Wind shear (the difference in wind speed or direction over a short distance) in the jet streams (those channels of faster moving air near the poles that airliners often use as their highways) has increased by 15% at airliner cruising altitudes since satellites began gathering the data in 1979. It is projected to increase by up to 29% by the end of the century.
Why so? “Because turbulence is, in effect, just chaotic air (akin to rapids in a river), in contrast to smooth-flowing ‘laminar flow’ air you ideally want. Greenhouse gases are warming the troposphere at a faster rate and, in turn, cooling the stratosphere — and the steeper the temperature gradient the more chaos you get,” explains Isabel Smith, a meteorologist on the turbulence study team at the University of Reading. “There have been studies suggesting this might happen in the past but because we’re dealing with such a hugely dynamic system in the atmosphere it has been hard to assess until now.”
It is a particular type of turbulence that is increasing, too.

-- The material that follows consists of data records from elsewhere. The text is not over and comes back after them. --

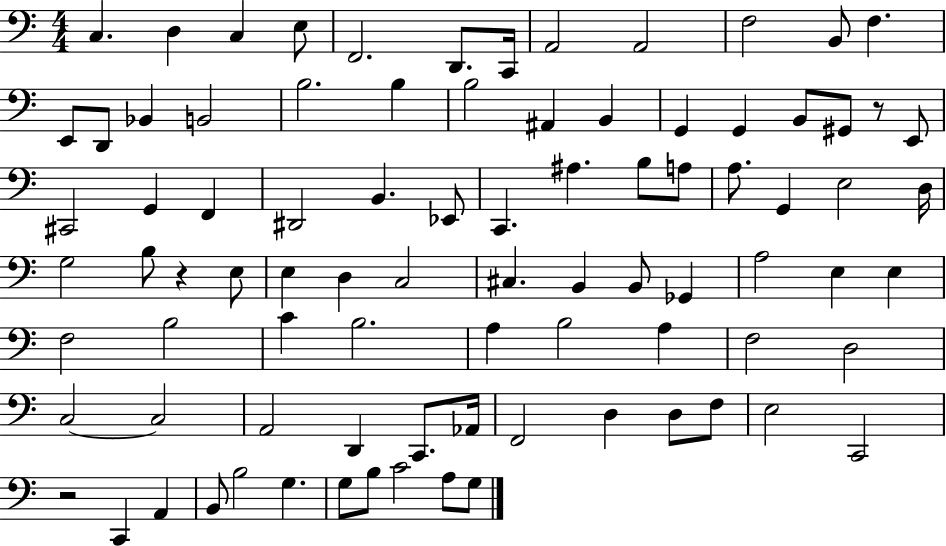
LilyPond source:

{
  \clef bass
  \numericTimeSignature
  \time 4/4
  \key c \major
  c4. d4 c4 e8 | f,2. d,8. c,16 | a,2 a,2 | f2 b,8 f4. | \break e,8 d,8 bes,4 b,2 | b2. b4 | b2 ais,4 b,4 | g,4 g,4 b,8 gis,8 r8 e,8 | \break cis,2 g,4 f,4 | dis,2 b,4. ees,8 | c,4. ais4. b8 a8 | a8. g,4 e2 d16 | \break g2 b8 r4 e8 | e4 d4 c2 | cis4. b,4 b,8 ges,4 | a2 e4 e4 | \break f2 b2 | c'4 b2. | a4 b2 a4 | f2 d2 | \break c2~~ c2 | a,2 d,4 c,8. aes,16 | f,2 d4 d8 f8 | e2 c,2 | \break r2 c,4 a,4 | b,8 b2 g4. | g8 b8 c'2 a8 g8 | \bar "|."
}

Much turbulence is predictable: it’s caused by strong winds pushed up off of mountain ranges. This so-called “mountain wave” is often the most dangerous kind of turbulence. By air pressure changes caused by cold or warm weather fronts, or by convective thunderstorms, these can, as recent research by Dr. Robert Sharman at the National Center of Atmospheric Research shows, have an effect on the smoothness of your flight from hundreds of miles away or more. There’s wake turbulence, too — caused by other big aircraft — which is why there’s typically a two-minute gap between takeoffs at the airport.
Thanks to greatly improved meteorological systems and the likes of in-flight radar, and a constantly updated grapevine of real-time if subjective reports by pilots, these kinds of turbulence are predictable and avoidable. You fly around it or lower or raise your altitude out of it. It’s the airline’s nefarious attempt to save fuel costs that has Gerard Butler fly his aircraft right through the middle of a thunderstorm in Plane. Avoiding turbulence is estimated to cost the U.S. airlines an extra $100 million each year and 160 million gallons of fuel — in itself not great for climate change.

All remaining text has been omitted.